Vincent Overeem
Misfit
Excellent story-telling
In Amsterdam one stifling hot summer, an eighteen-year-old boy experiences an intense, physical love for his girlfriend, who is two years older: ‘Kaat with her blazing eyes. Kaat who sat on a chair with that concentrated expression as she varnished her nails. ‘Look, isn’t that a cute colour?’ and she’d stick her foot out towards me, wiggling her toes. Who liked kissing you best of all while you were eating ice-cream. “Lovely cold tongue you’ve got now. With flavour to it.” Who always undressed underpants first, wandered around bare-assed for a bit and only then took off her top and her bra.’

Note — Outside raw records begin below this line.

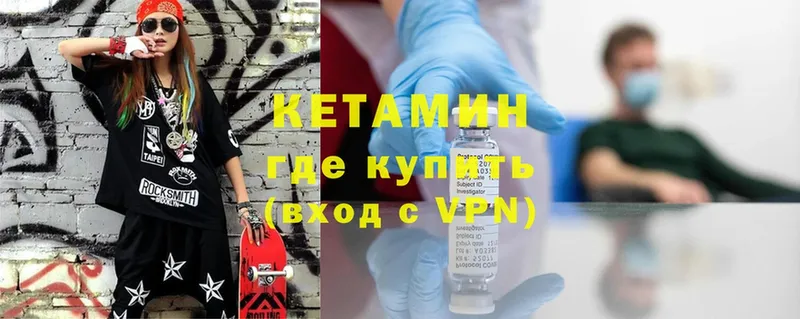 закладка  гидра ссылка  КЕТАМИН ketamine  Константиновск 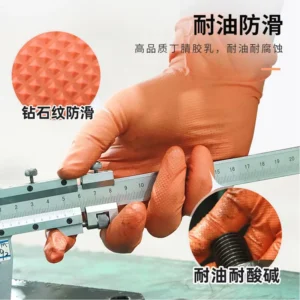 8Mil 10Mil Diamond Nitrile Gloves Kitchen Protective Nitrile Gloves for Industrial Automobile Repair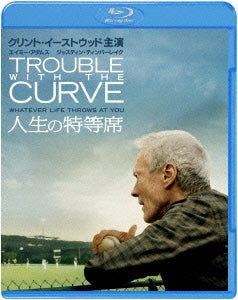Movie - Trouble With The Curve - Japan Blu-ray Disc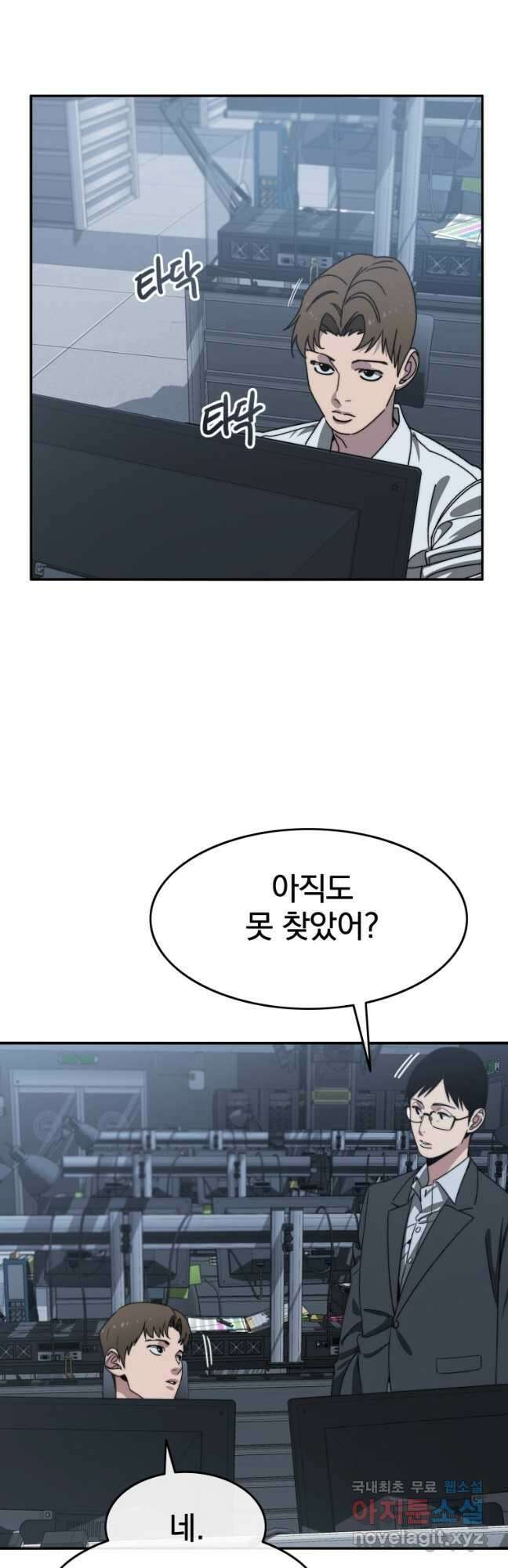 존재 40화 12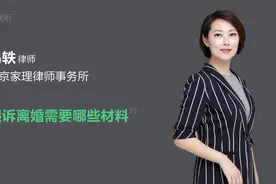 起诉离婚需要哪些材料视频封面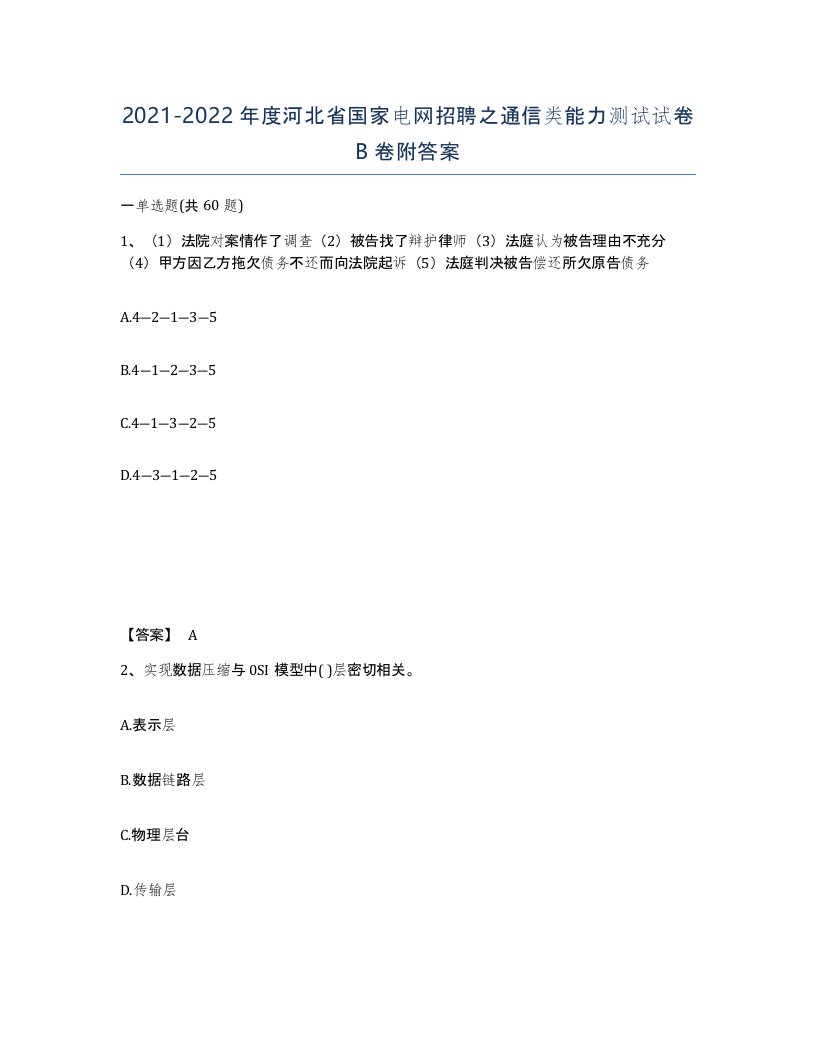 2021-2022年度河北省国家电网招聘之通信类能力测试试卷B卷附答案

Overeem switches smoothly back and forth between past and present; the oppressive heat of the summer forms a contrast to the drab grey veil that hangs over the past. Since the narrator – a rough diamond type like Holden Caulfield – tells his own story, you learn relevant facts but can never be certain how reliable they are. He often mentions his younger brother Krijn, and it quickly emerges that something is the matter with the little boy. But whenever the story becomes more specific the narrator cuts it short, creating a suspense that culminates at the end of the book in a surprising dénouement.

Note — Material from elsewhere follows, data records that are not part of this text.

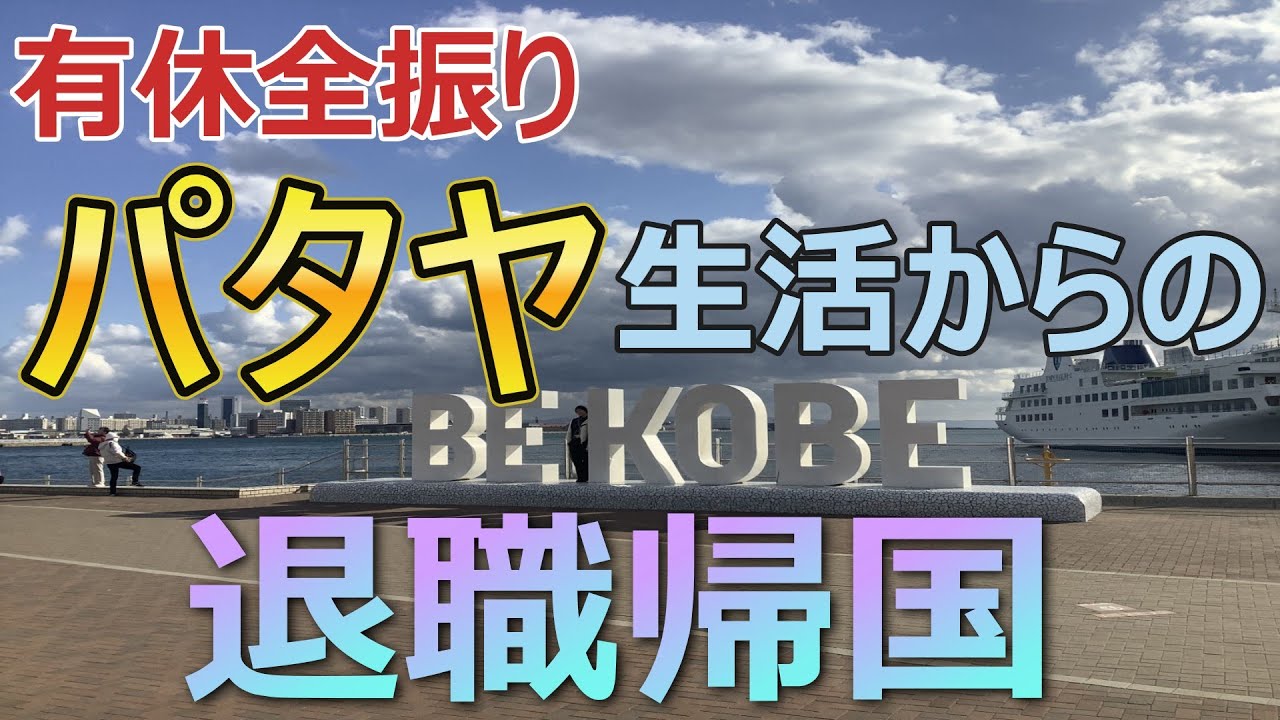 【パタヤ生活終了】帰国してみた　早期退職50代のFIRE界隈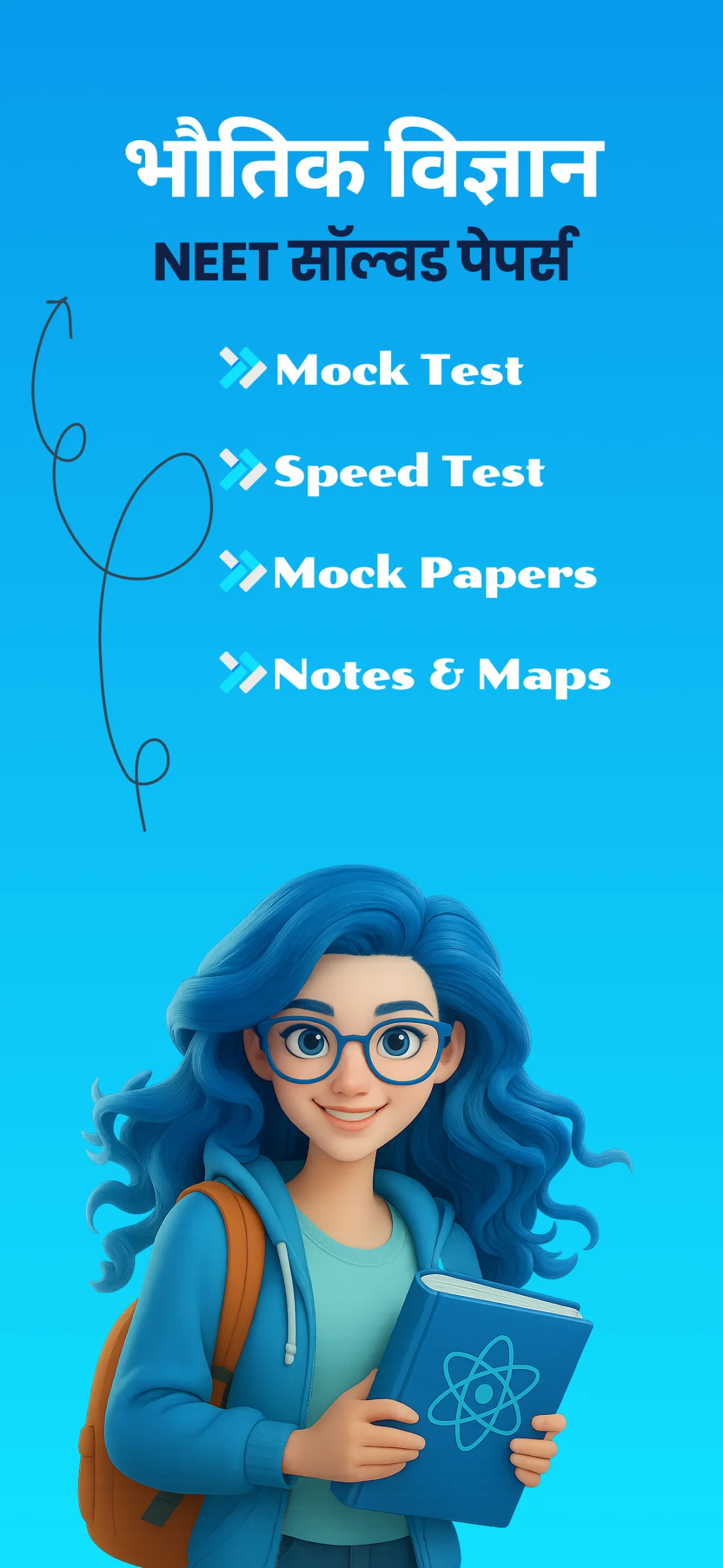 Physics: NEET Past Paper Hindi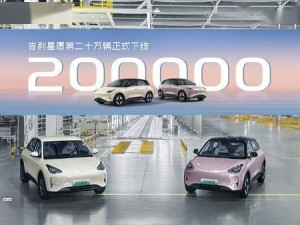 吉利星愿純電小車突破20萬輛大關(guān)，成銷量新王者！
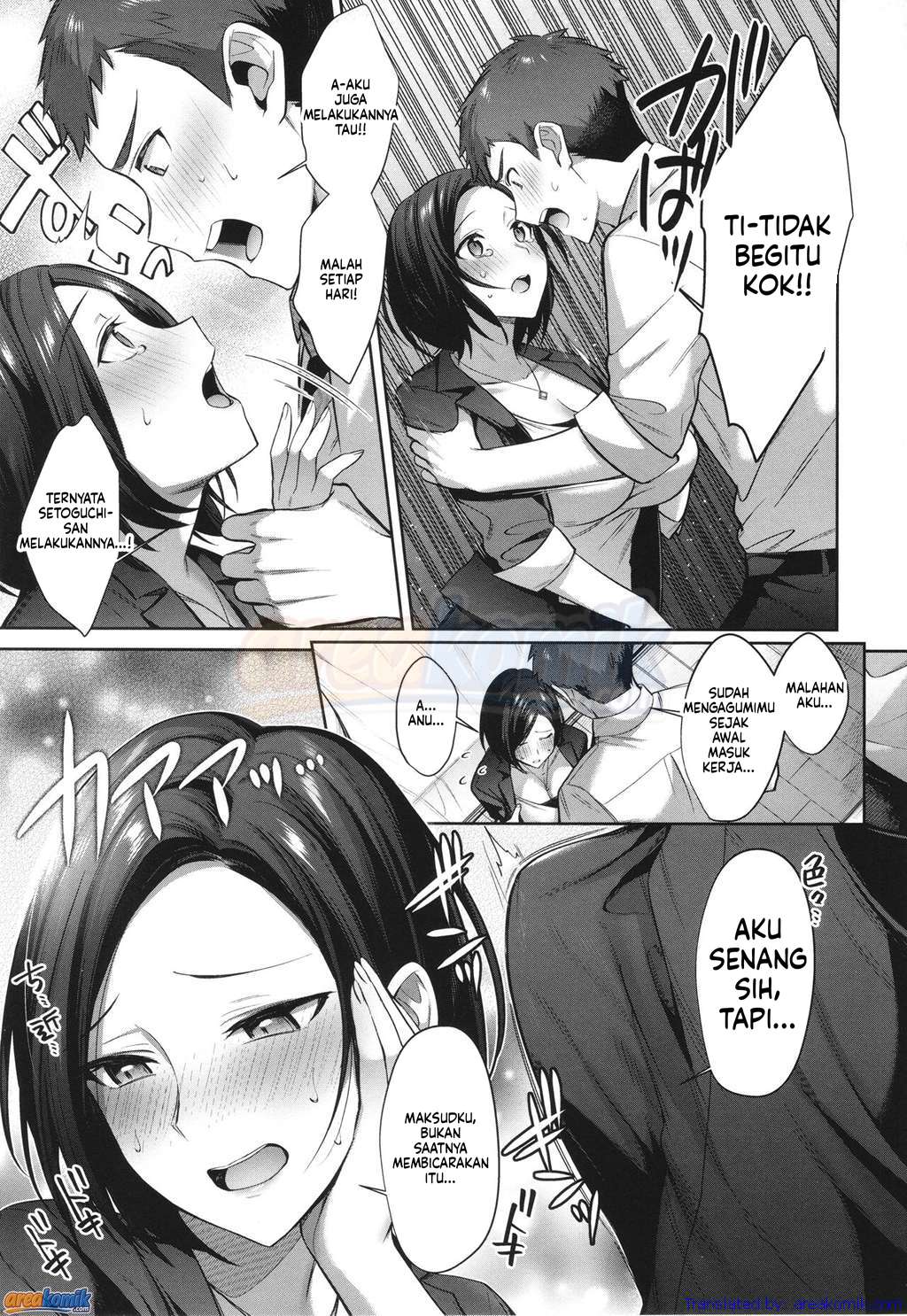 Page 154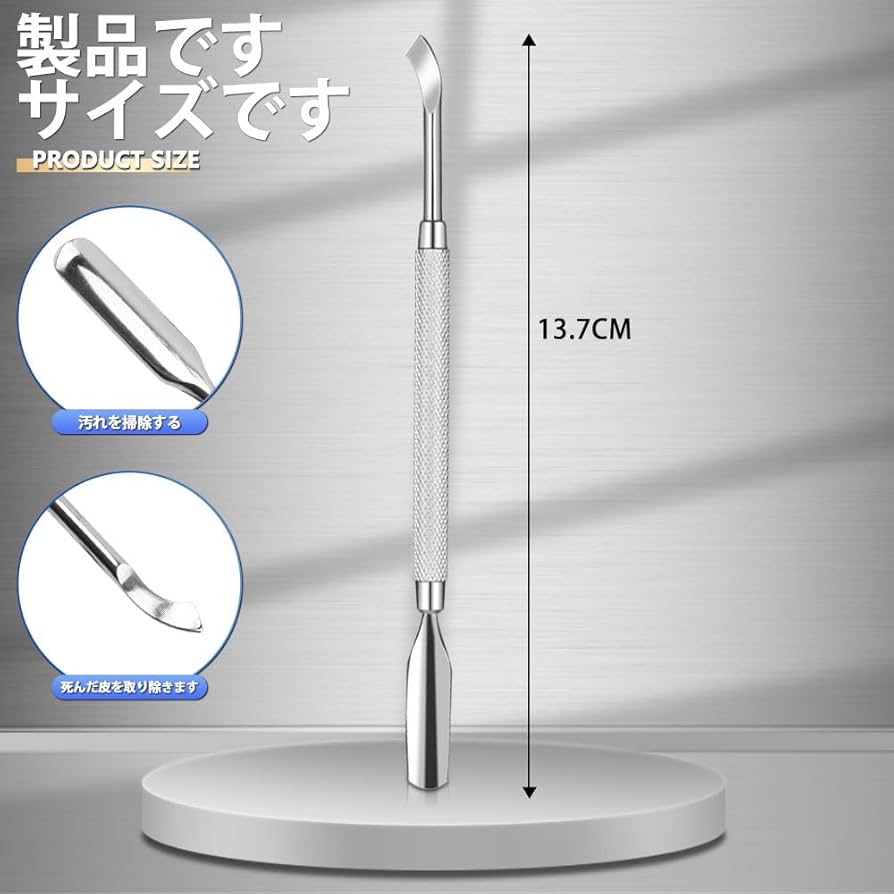 Amazon | キューティクルプッシャー 甘皮プッシャー ネイル プッシャー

The main character’s childhood is beautifully described. Early in the book we read of his desire to have a brother, a wish that is eventually fulfilled. Then we see on the one hand his disappointment that he cannot take Krijn along with him, that the boy hides, does not seem to want to embrace life, and on the other his abiding desire to help his little brother and take him under his wing. His love for Kaat seems increasingly obsessive. He begins to regard the all too jovial builder he works for as a threat and is furious when his girlfriend stays away all night.
The unexpected happy ending to the novel shows that Overeem has mastered the technique of building a plot in which, with the future expertly foreshadowed, everything falls into place. As a reader you suddenly realize that the real misfit may not be the main character at all but rather his younger brother, and that the ways in which he has dealt with his own longing for a brother and his complicated relationship with his parents are the cause of his restless and anxious behaviour. Overeem is a new Dutch writer to reckon with.